Hacking Exposed
Page 46
By the end of 2006, the SEC had launched several hundred formal and informal probes into the alleged stock option backdating, and hundreds, if not thousands, of other companies had launched their own internal investigations into past stock option granting practices. In addition to obvious concerns of potential fraud involved in purposely backdating option grants, especially where false statements or misrepresentations were made in support of the granting practices, many of these practices also violated the accounting practices at these companies, leading to the need to restate their financials and amend their financial disclosures for many years.
What to Understand
When investigating potential stock option backdating, you must understand the stock option grants in question. Stock options became a popular form of compensation and incentive compensation in the 1990s during the tech boom, as options offered companies a cheap alternative compensation to cash with the potential for significant reward if the company was successful and its stock price increased relative to the time it was granted. As such, many companies (especially in the high-tech industry) routinely granted stock options to new employees, to promoted employees in lieu of bonuses and raises, to directors for their service on the company’s board as a reward for outstanding performance or to provide recognition for some achievement, or as a routine component of merit pay increases. As such, you need to understand whether all of the company’s option grant practices are in question or just certain types (such as those to officers and directors).
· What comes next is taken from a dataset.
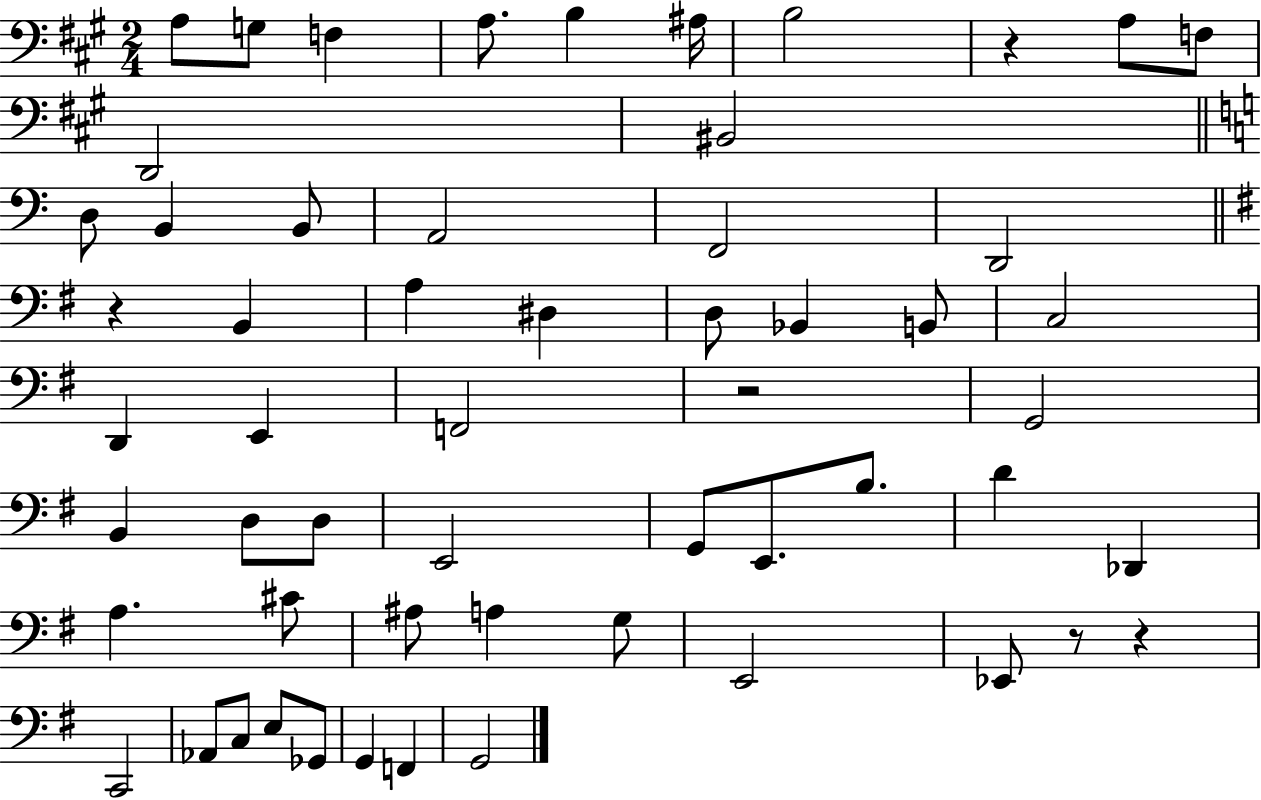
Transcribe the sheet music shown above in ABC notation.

Stock option grants are typically awarded pursuant to a defined stock option plan that has been approved by the company’s board and its shareholders. The relevant stock option plan will generally describe the terms upon which options are to be granted, including often defining when the grant date occurs and how the exercise or strike price is determined on that grant date.
Stock option grants are generally approved by a company’s board of directors. However, it is not uncommon for the board to delegate its authority to a committee of directors, usually the compensation committee, or even to management. With regard to the specific grant type (officer, director, new hire, and so on), it is important that you understand who had the authority to approve such grants.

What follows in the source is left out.